Want to save muscle strain? The answer is to cross-train


October 30, 1990|By Dr. Gabe Mirkin | Dr. Gabe Mirkin,United Feature Syndicate

Injuries are the bane of many people who exercise. Cross-training is one of the best ways to prevent injuries from slowing you down.

Cross-training means participating in several different sports rather than just one. Every sport stresses specific muscle groups. Repeated activity in the same sport causes repeated stress on the same muscle group. But if you practice different sports during the week, you will change the stress as you change sports.

Running primarily stresses the lower leg, while biking stresses the upper leg. Mixing the two alternates the stress between lower and upper leg muscles.

How much of each exercise should you do? One way is to exercise for the same length of time each day. A better way is to compare theamount of energy required for each sport.

Walking at 3 mph uses only two-thirds as much energy as running 1 mile. Walking 5 mph will use 1-1/5 times as much energy for the same distance. And walking at a moderate pace uses the same energy as running the same distance.

Running a mile is comparable to cycling 3 miles, swimming 1/4 -mile, rowing 1/2 -mile and participating in aerobic dancing for 10 minutes.
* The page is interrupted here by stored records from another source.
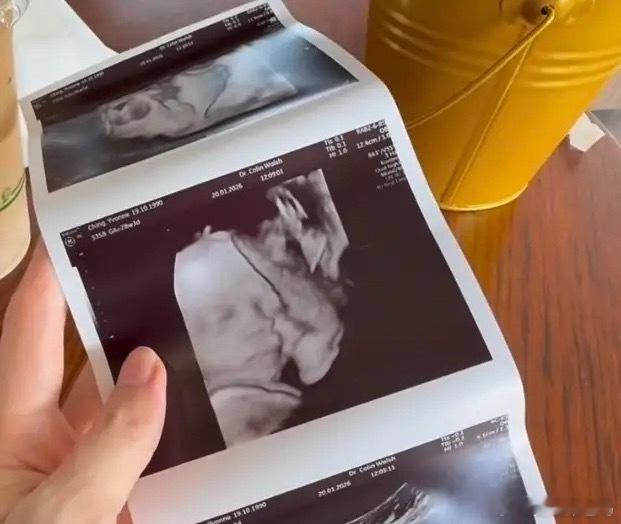 程晓玥挺大肚子晒二胎产检照，小宝宝照B超显示高鼻梁，颜值好高。她在澳洲顺利通过2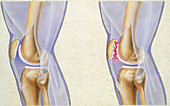 Comparing Normal Knee and Jumper's Knee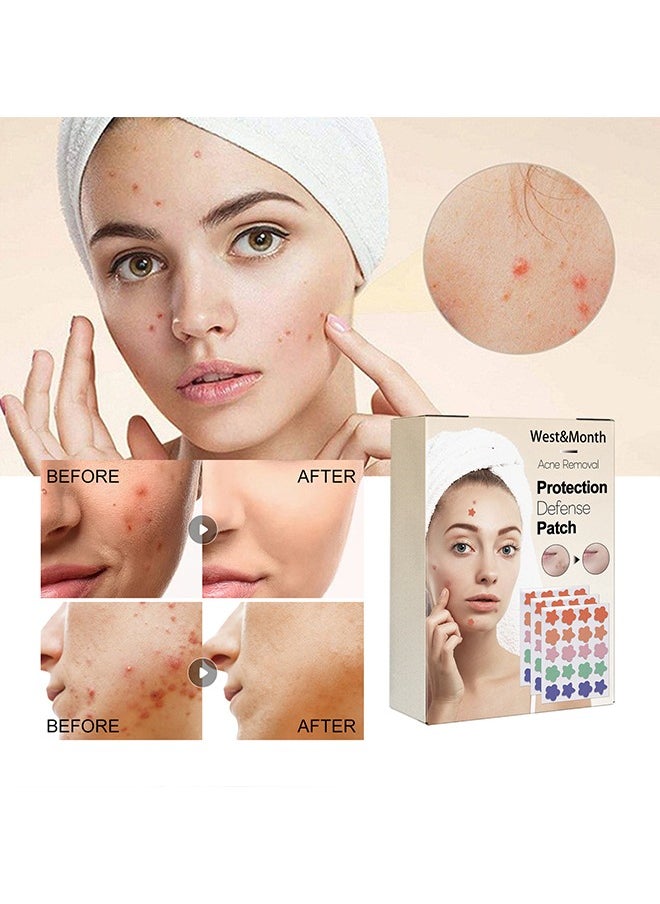 60Pcs Acne Patch,Hydrocolloid Acne Patches for Covering Zits and Blemishes, Cute Spot Stickers for Skin Care - pzsku/Z53C001E3790154716BB7Z/45/_/1716972243/c717232d-12d7-433e-90b8-6ef1b9455b62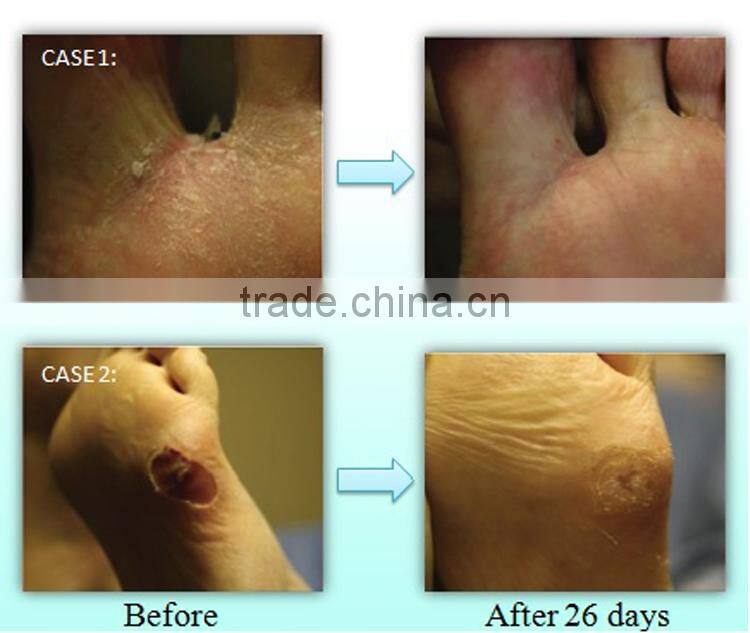 Copper Sole Extreme Athletic Crew Sock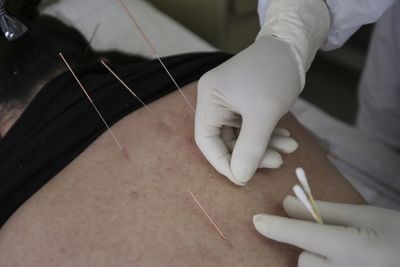 Needle Treatments Rarely Puncture the Lung, but the Warning Signs Can Take Days to Appear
Q: After I work out, my muscles feel stiff and sore the next day. Will I recover faster by exercising at a slow pace the day after, or should I skip exercising that day?

A: It is common for your muscles to feel weak, tired and sore the day after a vigorous workout. You will recover faster by taking the day off.
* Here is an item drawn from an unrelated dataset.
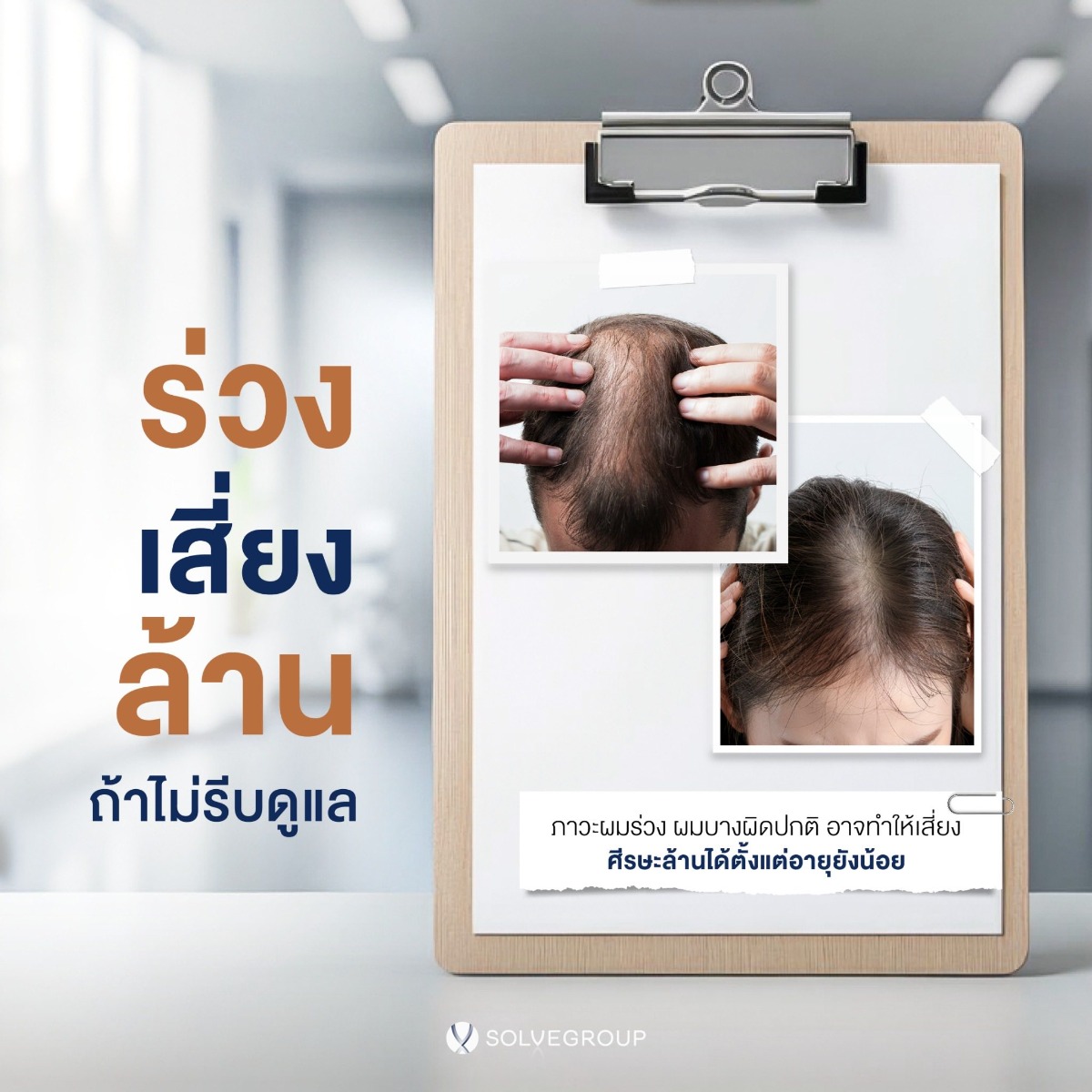 ผมร่วง เสี่ยง ผมล้าน ถ้าไม่รีบดูแล ภาวะผมร่วง ผมบางผิดปกติ อาจทำให้เสี่ยง ศีรษะล้านได้ตั้งแต่อายุยังน้อย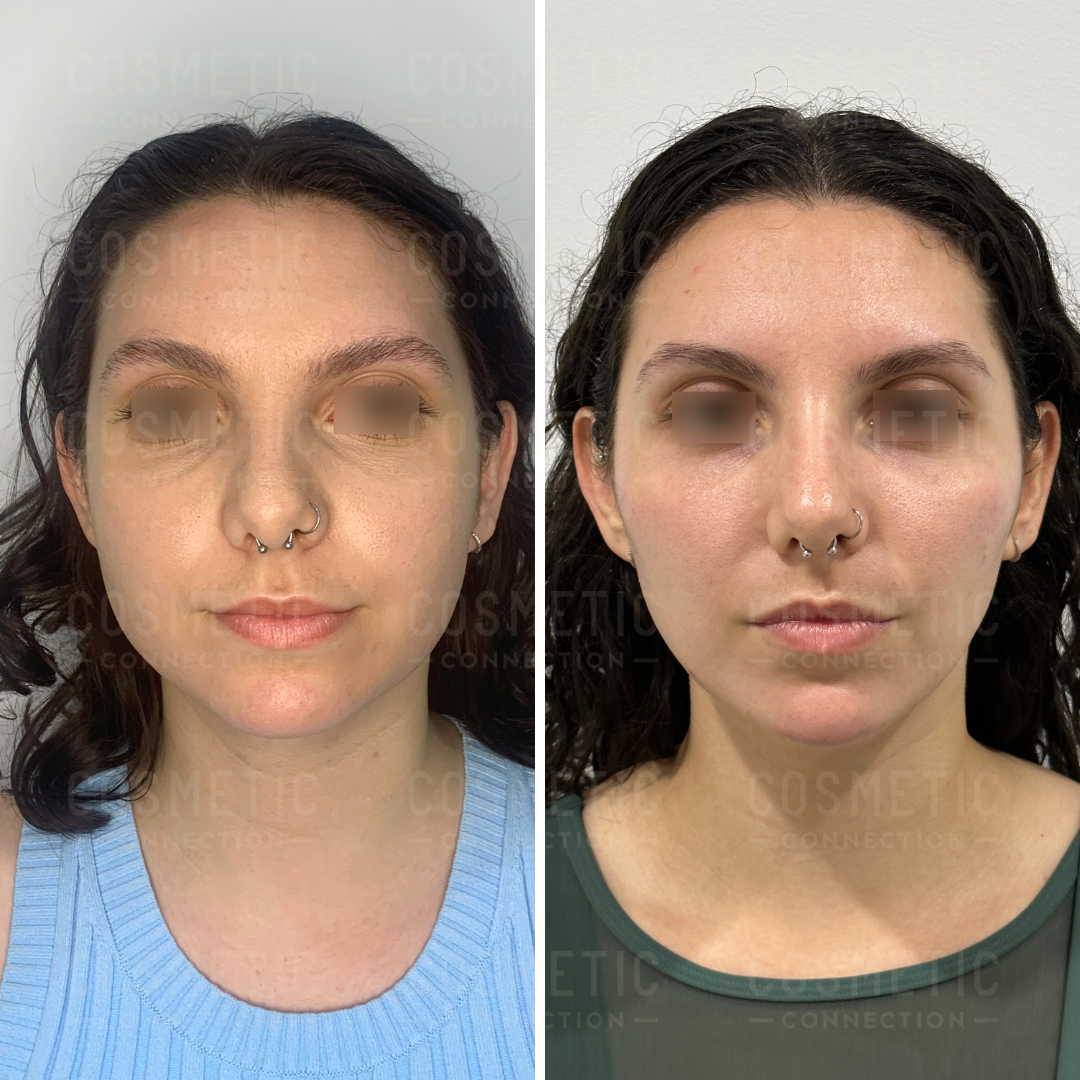 Jawline Slimming Injections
There are two reasons muscles feel sore eight to 24 hours after exercise. First, vigorous exercise damages the muscle fibers. Biopsies done the day after vigorous exercise show damage to the fibers and bleeding into the fibers. Exercising damaged muscle fibers will delay your recovery, just as exercising torn muscles will delay healing.

Second, vigorous exercise depletes the muscle sugar stored in each fiber. Low muscle sugar causes heaviness, weakness and tiredness. Those symptoms disappear after you eat and your body has time to process the food and replenish the supply of stored muscle sugar.

Dr. Mirkin is a practicing physician in Silver Spring specializing in sports medicine and nutrition.